We used both closed-source and open-source LLMs (Supplementary Methods). Closed-source models were accessed through their respective Application Programming Interfaces (APIs), with a custom Python function managing queries and response handling. Open-source models were run on a high-performance computing cluster equipped with four NVIDIA H100 GPUs. For each model, we tested two different temperature conditions: a zero-temperature setting intended to minimize speculative responses, and a default or standard setting reflecting normal usage. Python scripts were used to manage rate limits, parse JSON outputs, and record results for subsequent analysis. For the default runs, we retained each vendor’s standard decoding preset (temperature ≈ 0.7, top-p 0.9–1.0); in the temperature 0 condition, we set temperature to 0.0 while leaving all other parameters unchanged.

Statistical analysis

We modeled the binary outcome of hallucination using mixed-effects logistic regression (generalized linear models with a binomial distribution), treating each case as a random intercept to account for repeated measures. In the overall analysis, fixed effects included temperature (Default vs. Temp 0), mitigation prompt (No Mitigation vs. Mitigation), and case format (Short vs. Long), with odds ratios (ORs) and 95% confidence intervals (CIs) calculated using the broom package. Pairwise comparisons between conditions were conducted with the emmeans package, and p-values were adjusted using the Bonferroni method to control for multiple comparisons.
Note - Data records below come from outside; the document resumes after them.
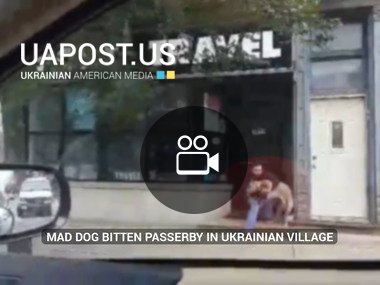 Mad dog bitten passerby in Ukrainian Village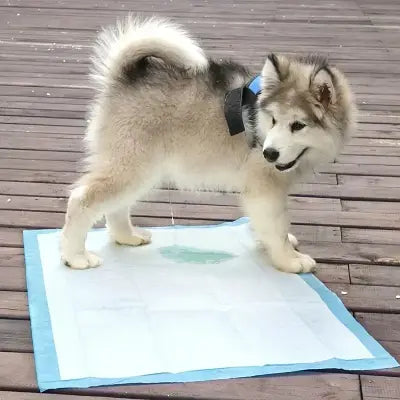 Tapis Absorbant Chien | DogSuperAbsorbentPads.Ra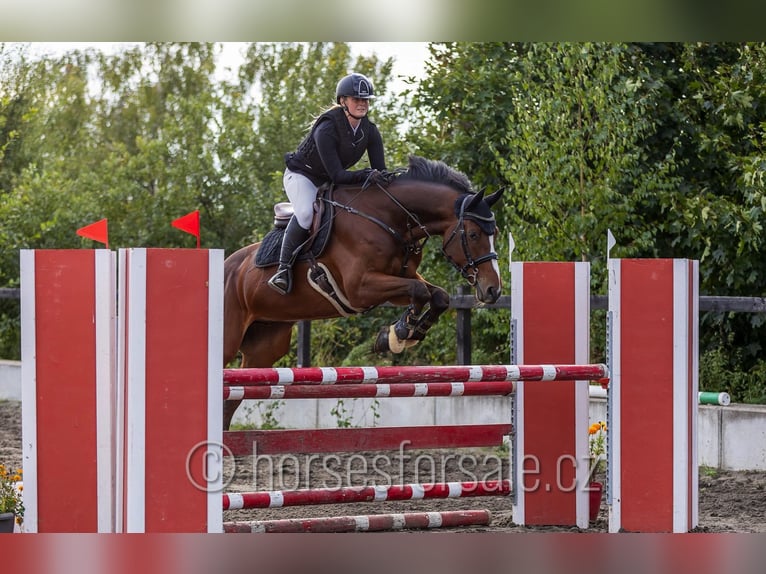 Tschechisches Warmblut Wallach 7 Jahre 167 cm Brauner in Pelhrimov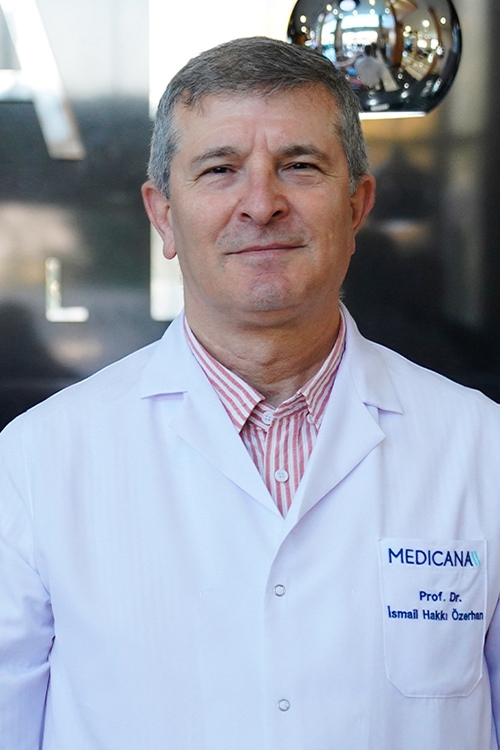 İsmail Hakkı Özerhan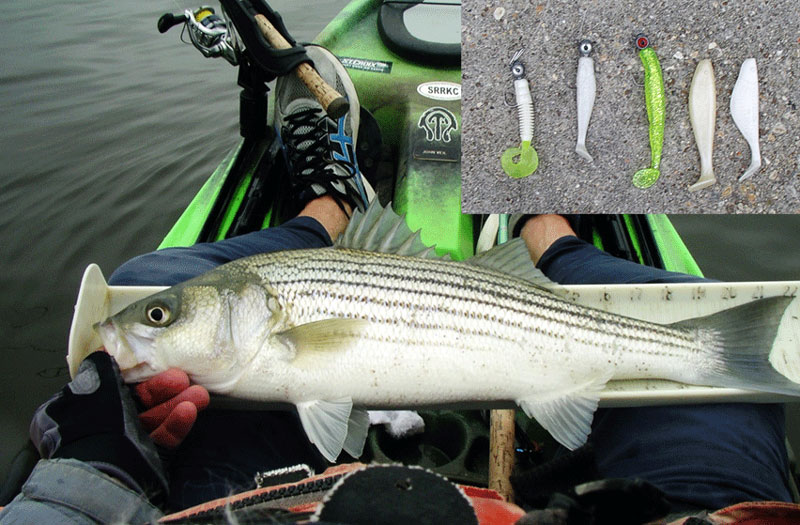 a striper caught kayak trolling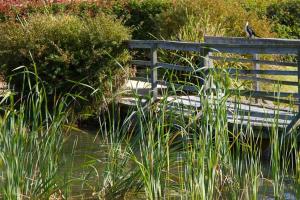 Potters Apartments,Hunter Valley>>Cessnock,4 star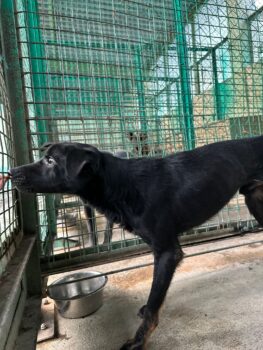 🆘Yoru ist am Verhungern - er hält nicht mehr lange durch🆘VIDEOS
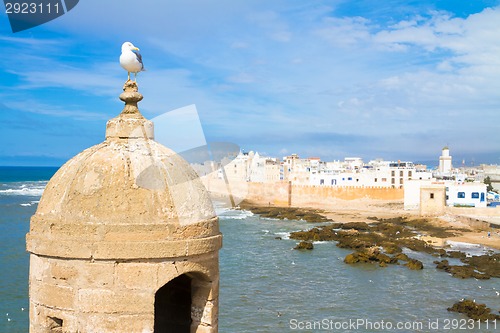 Image of Seagull; Essaouira - Magador, Marrakech, Morocco.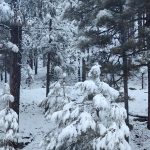 Mt. Lemmon, snowy pine trees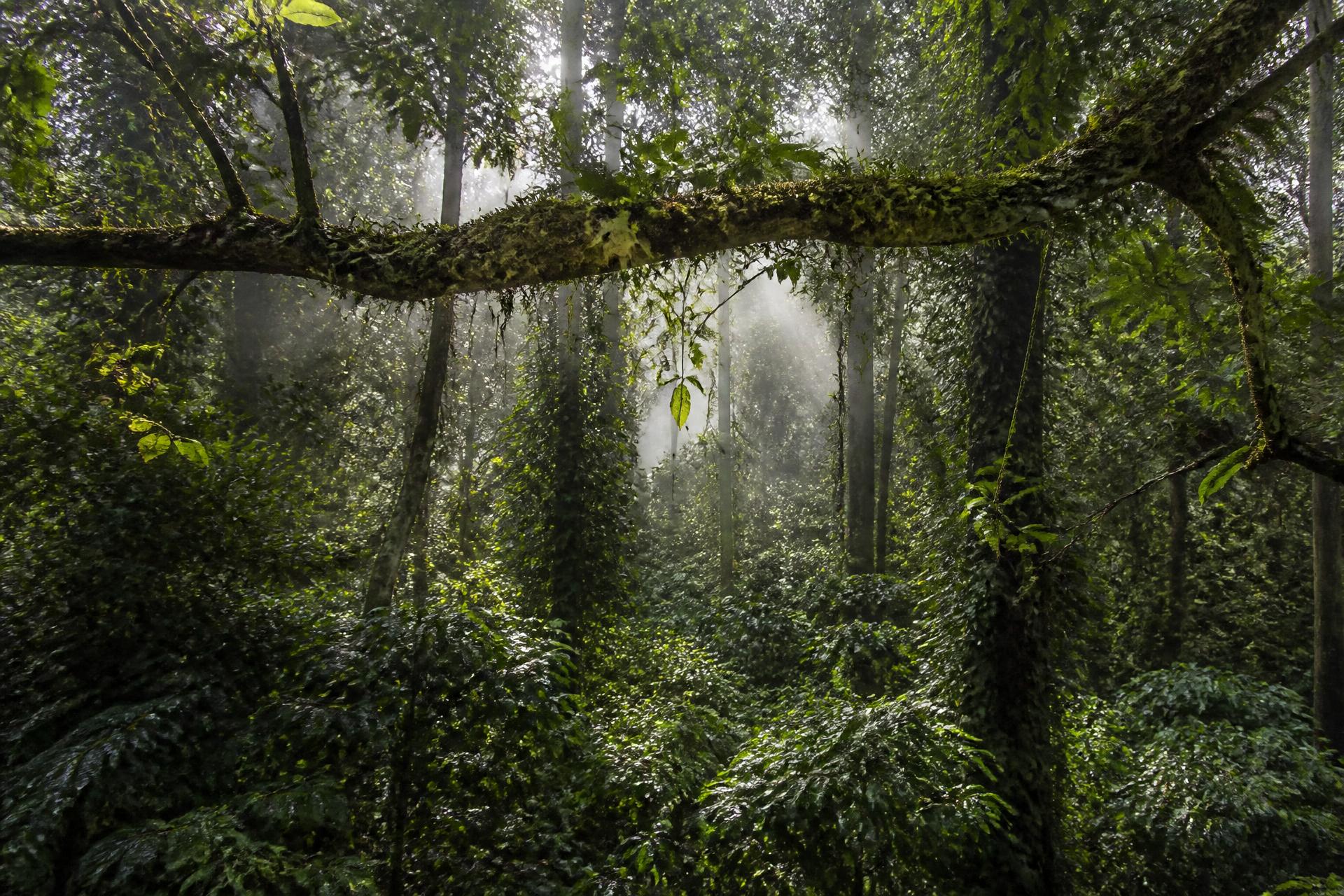 Sunlit misty Coorg rainforest and coffee plantation canopy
Additionally, we evaluated the effect of case format, both overall and within each experimental condition, by fitting separate mixed-effects logistic regression models. To compare different models in the default temperature condition (Default + No Mitigation), we used GPT as the reference group. The model predictor was the type of LLM, and ORs with 95% CIs were obtained. Pairwise comparisons among models were similarly performed with emmeans, with Bonferroni correction applied. This approach allowed us to identify which models produced significantly higher or lower hallucination rates relative to GPT. All analyses were performed using R version 4.4.2. p-values less than 0.05 were considered statistically significant.

Reporting summary

Further information on research design is available in the Nature Portfolio Reporting Summary linked to this article.

Results

Hallucination rates overall and model specific

The overall hallucination rate in all models under the default prompt was 65.9%, while the mitigating prompt reduced the rate to 44.2%. Under temperature 0, the overall hallucination rate was 66.5%. These rates represent averages across both long and short cases.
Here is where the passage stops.